This is not even the first time I am missing out on Boishakh celebrations in Bangladesh. I was away at university for three Boishakhs, but somehow this time, when there are no actual festivities to miss, it feels sadder still. I liked seeing people’s saree pictures on my newsfeed, I enjoyed snaps of their panta ilish, even when I couldn’t get any. My first year in Berkeley, I whimsically dressed in red and white for class and had butter chicken for lunch (the closest I could get to a deshi meal there – pathetic, I know). On the weekend, I donned a saree by myself for the first time (thank you, YouTube) and caught the bus to a small celebration held by local Bangalis. Those who know me will understand how uncharacteristic that was for me – I’m not one to leave my introvert den to seek out strangers (even if they do share my skin color and mother tongue) and put myself in situations where I’m likely to attract curious stares, as was the case in that bus.

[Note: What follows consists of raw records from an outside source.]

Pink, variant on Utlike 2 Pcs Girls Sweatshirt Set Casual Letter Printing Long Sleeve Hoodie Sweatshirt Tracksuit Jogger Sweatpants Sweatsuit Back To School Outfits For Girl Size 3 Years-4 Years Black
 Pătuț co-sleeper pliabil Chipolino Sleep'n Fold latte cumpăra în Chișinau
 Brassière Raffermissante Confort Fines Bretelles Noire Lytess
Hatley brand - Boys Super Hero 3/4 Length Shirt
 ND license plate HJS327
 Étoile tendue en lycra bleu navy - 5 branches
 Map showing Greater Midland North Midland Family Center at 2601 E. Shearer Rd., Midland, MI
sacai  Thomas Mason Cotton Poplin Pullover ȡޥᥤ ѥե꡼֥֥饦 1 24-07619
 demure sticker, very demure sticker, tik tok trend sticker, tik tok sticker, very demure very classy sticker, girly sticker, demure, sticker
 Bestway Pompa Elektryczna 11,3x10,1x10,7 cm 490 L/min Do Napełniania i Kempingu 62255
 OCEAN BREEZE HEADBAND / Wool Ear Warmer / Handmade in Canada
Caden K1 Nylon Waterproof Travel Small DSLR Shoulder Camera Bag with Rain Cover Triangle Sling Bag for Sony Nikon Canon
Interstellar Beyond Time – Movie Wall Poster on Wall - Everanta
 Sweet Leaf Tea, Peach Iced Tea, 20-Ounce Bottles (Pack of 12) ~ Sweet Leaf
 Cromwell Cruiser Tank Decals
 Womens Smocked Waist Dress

Celebrations or no celebrations, the new year is still here. I hope while we Bangalis stay home for our own safety and that of others, we reminisce on Pohela Boishakhs of the past, the memories we made and the people we made them with. I hope those who are able to enjoy a special meal still do, and share with those that they can, safely. I hope that we appreciate the next time we are able to meet friends and family on a special holiday more than we ever have before.
Wishing you all a very Shubo Noboborsho – may the Bengali year 1427 be kind to you.